- GOAL OF THE EXERCISE: Reproduce exactly the lines of the material beneath, from the line that contains "Wreath - Image 3" to the line that contains "Juego de 18", both included, and no other lines.

- THE RECORDS:

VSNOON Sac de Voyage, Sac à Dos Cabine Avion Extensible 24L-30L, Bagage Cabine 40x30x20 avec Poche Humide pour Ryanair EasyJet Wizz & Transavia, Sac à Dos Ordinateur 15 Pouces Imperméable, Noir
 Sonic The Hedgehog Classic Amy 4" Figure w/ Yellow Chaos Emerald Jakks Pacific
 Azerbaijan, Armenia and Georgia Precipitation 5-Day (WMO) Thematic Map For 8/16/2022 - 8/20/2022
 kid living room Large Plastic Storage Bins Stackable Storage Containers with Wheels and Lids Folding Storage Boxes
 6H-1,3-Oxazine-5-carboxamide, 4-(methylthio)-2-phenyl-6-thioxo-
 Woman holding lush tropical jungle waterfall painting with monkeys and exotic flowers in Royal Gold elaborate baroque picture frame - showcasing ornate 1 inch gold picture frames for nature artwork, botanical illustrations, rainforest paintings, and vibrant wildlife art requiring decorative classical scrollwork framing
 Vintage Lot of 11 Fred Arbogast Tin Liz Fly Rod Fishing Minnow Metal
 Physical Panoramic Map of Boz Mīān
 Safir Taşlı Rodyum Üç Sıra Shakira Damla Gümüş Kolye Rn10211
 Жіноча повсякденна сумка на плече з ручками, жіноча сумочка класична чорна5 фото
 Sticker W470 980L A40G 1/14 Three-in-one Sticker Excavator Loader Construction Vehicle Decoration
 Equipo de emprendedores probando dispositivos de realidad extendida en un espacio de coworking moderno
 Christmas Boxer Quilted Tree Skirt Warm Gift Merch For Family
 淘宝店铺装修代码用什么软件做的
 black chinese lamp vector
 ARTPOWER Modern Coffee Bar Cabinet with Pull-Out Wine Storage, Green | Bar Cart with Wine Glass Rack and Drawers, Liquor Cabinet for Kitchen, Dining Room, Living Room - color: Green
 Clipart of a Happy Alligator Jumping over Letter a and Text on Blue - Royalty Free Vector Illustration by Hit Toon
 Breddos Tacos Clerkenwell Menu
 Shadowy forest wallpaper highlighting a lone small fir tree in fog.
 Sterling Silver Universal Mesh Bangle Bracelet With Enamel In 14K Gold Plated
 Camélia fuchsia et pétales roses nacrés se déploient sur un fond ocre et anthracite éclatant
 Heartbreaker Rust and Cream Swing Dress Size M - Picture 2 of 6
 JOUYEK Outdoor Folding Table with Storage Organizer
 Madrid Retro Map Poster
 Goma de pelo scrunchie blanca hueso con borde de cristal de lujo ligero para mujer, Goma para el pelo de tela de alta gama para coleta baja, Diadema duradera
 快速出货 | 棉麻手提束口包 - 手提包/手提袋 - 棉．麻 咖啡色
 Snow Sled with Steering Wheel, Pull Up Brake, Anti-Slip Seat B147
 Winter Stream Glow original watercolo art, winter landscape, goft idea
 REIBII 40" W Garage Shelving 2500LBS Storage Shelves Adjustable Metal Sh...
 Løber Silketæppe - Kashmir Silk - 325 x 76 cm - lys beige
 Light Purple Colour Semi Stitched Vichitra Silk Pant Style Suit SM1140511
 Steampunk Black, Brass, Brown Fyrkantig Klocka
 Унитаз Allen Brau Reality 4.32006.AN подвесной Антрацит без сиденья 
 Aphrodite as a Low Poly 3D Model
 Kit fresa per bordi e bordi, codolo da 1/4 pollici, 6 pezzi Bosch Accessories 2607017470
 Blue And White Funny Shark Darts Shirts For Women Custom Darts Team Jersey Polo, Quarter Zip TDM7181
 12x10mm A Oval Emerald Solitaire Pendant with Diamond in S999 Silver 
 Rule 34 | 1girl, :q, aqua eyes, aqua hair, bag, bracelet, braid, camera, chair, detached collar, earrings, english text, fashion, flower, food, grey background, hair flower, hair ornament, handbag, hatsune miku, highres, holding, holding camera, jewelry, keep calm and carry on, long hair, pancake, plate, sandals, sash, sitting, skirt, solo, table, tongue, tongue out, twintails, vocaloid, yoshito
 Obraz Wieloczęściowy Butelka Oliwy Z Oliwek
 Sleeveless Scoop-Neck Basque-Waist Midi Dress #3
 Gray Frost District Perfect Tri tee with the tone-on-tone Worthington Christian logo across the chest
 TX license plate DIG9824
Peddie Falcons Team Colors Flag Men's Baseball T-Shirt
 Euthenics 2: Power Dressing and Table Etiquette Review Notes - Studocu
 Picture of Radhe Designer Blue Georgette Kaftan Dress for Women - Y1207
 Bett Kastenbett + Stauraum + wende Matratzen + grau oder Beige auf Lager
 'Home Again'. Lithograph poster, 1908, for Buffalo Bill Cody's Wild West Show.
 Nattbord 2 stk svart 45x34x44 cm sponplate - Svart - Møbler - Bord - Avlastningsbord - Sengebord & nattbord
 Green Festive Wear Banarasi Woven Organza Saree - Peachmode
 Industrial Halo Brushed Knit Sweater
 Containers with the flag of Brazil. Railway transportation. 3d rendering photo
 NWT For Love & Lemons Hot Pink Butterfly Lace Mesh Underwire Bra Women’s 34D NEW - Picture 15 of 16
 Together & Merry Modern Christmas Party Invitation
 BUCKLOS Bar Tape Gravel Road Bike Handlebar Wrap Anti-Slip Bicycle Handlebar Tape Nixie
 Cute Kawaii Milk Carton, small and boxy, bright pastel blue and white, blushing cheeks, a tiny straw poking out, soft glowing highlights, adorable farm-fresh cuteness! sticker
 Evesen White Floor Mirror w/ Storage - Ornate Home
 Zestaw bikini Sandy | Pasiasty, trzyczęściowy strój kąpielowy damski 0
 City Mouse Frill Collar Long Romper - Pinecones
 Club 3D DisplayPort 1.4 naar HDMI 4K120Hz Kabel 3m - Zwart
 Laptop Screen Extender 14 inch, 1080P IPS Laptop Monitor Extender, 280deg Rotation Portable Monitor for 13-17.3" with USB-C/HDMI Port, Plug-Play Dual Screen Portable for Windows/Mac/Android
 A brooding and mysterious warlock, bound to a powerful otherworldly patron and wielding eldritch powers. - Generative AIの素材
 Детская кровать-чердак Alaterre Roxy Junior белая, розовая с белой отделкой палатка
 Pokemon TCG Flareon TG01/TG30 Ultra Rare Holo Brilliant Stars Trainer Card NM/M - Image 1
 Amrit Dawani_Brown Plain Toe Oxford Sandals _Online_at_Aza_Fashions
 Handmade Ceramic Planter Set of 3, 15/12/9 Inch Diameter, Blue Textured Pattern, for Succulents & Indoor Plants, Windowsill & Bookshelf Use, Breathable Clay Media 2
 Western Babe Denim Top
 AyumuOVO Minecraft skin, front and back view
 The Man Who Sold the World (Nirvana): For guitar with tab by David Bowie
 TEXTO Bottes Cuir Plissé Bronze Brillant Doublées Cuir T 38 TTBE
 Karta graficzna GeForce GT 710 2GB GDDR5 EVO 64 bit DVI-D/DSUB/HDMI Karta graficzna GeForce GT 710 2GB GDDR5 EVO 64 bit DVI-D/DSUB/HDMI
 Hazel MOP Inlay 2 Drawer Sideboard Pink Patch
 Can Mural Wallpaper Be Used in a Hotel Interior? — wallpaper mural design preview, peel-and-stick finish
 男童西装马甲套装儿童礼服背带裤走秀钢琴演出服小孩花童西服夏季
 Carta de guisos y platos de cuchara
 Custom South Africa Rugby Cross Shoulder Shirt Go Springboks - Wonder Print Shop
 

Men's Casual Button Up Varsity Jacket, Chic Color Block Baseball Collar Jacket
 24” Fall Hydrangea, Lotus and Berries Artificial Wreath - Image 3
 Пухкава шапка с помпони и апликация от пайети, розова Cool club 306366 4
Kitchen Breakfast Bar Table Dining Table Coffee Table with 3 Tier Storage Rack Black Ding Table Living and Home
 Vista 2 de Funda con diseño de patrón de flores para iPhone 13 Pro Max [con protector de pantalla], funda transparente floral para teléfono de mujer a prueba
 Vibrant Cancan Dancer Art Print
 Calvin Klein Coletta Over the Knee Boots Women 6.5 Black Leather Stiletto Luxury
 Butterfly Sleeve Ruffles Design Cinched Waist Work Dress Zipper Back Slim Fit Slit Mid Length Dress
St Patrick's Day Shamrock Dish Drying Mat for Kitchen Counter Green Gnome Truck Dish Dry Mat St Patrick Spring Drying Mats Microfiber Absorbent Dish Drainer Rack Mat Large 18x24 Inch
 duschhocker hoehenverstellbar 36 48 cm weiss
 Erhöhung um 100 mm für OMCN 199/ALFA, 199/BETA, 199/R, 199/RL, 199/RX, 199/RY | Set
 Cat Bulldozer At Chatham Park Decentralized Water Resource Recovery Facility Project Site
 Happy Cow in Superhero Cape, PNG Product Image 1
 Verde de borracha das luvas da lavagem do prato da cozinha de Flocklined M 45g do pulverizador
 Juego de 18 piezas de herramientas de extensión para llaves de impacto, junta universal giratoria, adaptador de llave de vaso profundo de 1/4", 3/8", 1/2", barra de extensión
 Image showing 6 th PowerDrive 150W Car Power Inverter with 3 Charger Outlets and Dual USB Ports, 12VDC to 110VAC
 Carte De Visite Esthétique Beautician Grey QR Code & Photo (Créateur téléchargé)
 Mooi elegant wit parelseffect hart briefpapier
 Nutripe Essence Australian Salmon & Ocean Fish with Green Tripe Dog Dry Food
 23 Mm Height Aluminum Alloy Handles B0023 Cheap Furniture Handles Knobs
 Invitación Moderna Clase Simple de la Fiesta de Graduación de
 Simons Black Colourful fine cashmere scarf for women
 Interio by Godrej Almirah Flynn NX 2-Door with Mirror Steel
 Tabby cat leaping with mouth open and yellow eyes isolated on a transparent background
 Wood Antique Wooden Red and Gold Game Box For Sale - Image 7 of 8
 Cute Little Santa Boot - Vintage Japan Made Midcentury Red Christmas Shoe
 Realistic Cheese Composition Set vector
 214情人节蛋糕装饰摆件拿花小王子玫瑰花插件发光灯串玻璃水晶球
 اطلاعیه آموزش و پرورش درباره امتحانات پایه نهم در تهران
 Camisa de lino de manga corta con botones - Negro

- OUTPUT:
 24” Fall Hydrangea, Lotus and Berries Artificial Wreath - Image 3
 Пухкава шапка с помпони и апликация от пайети, розова Cool club 306366 4
Kitchen Breakfast Bar Table Dining Table Coffee Table with 3 Tier Storage Rack Black Ding Table Living and Home
 Vista 2 de Funda con diseño de patrón de flores para iPhone 13 Pro Max [con protector de pantalla], funda transparente floral para teléfono de mujer a prueba
 Vibrant Cancan Dancer Art Print
 Calvin Klein Coletta Over the Knee Boots Women 6.5 Black Leather Stiletto Luxury
 Butterfly Sleeve Ruffles Design Cinched Waist Work Dress Zipper Back Slim Fit Slit Mid Length Dress
St Patrick's Day Shamrock Dish Drying Mat for Kitchen Counter Green Gnome Truck Dish Dry Mat St Patrick Spring Drying Mats Microfiber Absorbent Dish Drainer Rack Mat Large 18x24 Inch
 duschhocker hoehenverstellbar 36 48 cm weiss
 Erhöhung um 100 mm für OMCN 199/ALFA, 199/BETA, 199/R, 199/RL, 199/RX, 199/RY | Set
 Cat Bulldozer At Chatham Park Decentralized Water Resource Recovery Facility Project Site
 Happy Cow in Superhero Cape, PNG Product Image 1
 Verde de borracha das luvas da lavagem do prato da cozinha de Flocklined M 45g do pulverizador
 Juego de 18 piezas de herramientas de extensión para llaves de impacto, junta universal giratoria, adaptador de llave de vaso profundo de 1/4", 3/8", 1/2", barra de extensión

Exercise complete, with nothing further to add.